Adam's grimace increased by at least two degrees of uncomfortableness.*
*On a scale from "oh, this isn't great" to >incomprehensible screaming that might mean "get it away from me"<, this was at least an "ugh, ugh, UGH, no".
"...if you find a girl you really really like, she can even... even be part of the Them, too. So there."
Pepper's eyes grew wide.
This really was quite a Big Gesture to go with a Big Apology - but then again, it was motivated by Big Love, too.
"Adam?"
"Yeah?"
"I like you lots the friend way, too."
A smile very tentatively made its way onto Adam's face, creeping up and quickly spreading all over.
"Even though I'm a misogynist stupidface?" He asked shyly.
"Even though." Pepper smiled, and pulled him into a hug.
In a few minutes, they would disentangle, have a stone-skipping competition followed by a minor argument over whether using reality-bending Antichrist powers to make the stone go farther was cheating, and talk about Adam’s new meditation exercises for when the Big Angry Feelings threatened to consume him; after which they would go and find Brian and Wensleydale, so Adam could apologise to them, too, and tell them about the aliens, of course.
It was going to be a busy day, full of laughter and simple childish joy that was slowly turning into more complicated (but no lesser) teenage joy, and Adam was going to go to bed that night with a smile still and always clinging to his lips.

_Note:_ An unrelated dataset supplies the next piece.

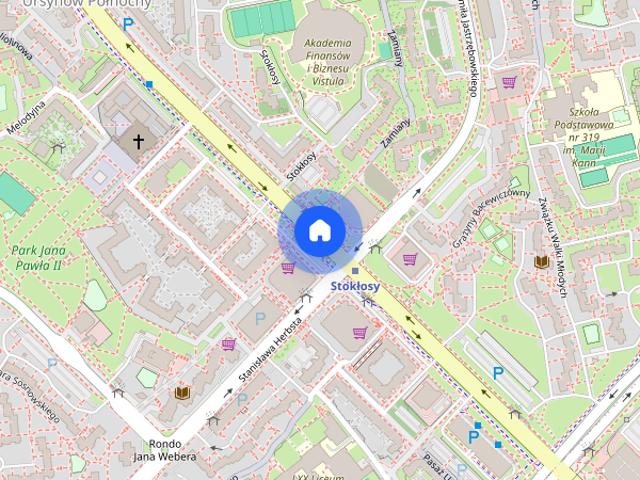 Mieszkanie do wynajęcia w Warszawa, Mazowieckie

But for now, Dog barked and skipped around Adam and Pepper’s legs; the sun shone over Tadfield, reflecting off the old pond in a kaleidoscope of brilliant colour; there was going to be jam and scones for afternoon tea; the whole village was filled with lots and lots and lots of Love…
And in the end, life was better than it had ever been before.
Notes:
I imagine that the crepes and the champagne arrive at the exact same time, Anya will make sure of it, and Aziraphale and Crowley spend a few minutes staring at each other, before quickly trying to out-propose the other as a competitive spark flares into life between them. They're both torn between being over the moon at being proposed to, and being angry at having their big proposal moment ruined by a counter-proposal...
But in the end, they'll get married in the company of a lot of humans (and a Dog, and maybe one or two aliens) and move into a lovely little cottage in the South Downs, and live as happily ever after as suitable for a fairytale.And, now that we've finally reached the end: genuinely, thank you all so much for your patience, your support, and all those lovely comments that never failed to remind me that there were so many people still out there hoping for a resolution to this story. It's always been weighing on my conscience a little, knowing that I Should Really Finish That Fic, and even though it's a great relief to finally lay down that weary burden, I'll also miss it. A bit. This fic has haunted me for four years, exorcising it once and for all is a little bittersweet... ;3
I have at least one cherished WIP from years ago (a Phantom of the Opera AU) that I really want to put up soon, and also the start of a post-s2 fic, so perhaps keep an eye out for those, if you're so inclined.Thanks again for reading, and I hope life will be as kind to you as it is to little Antichrists, and to recently-uncursed demons, and to angels who are dining at the Ritz (and very much in love.)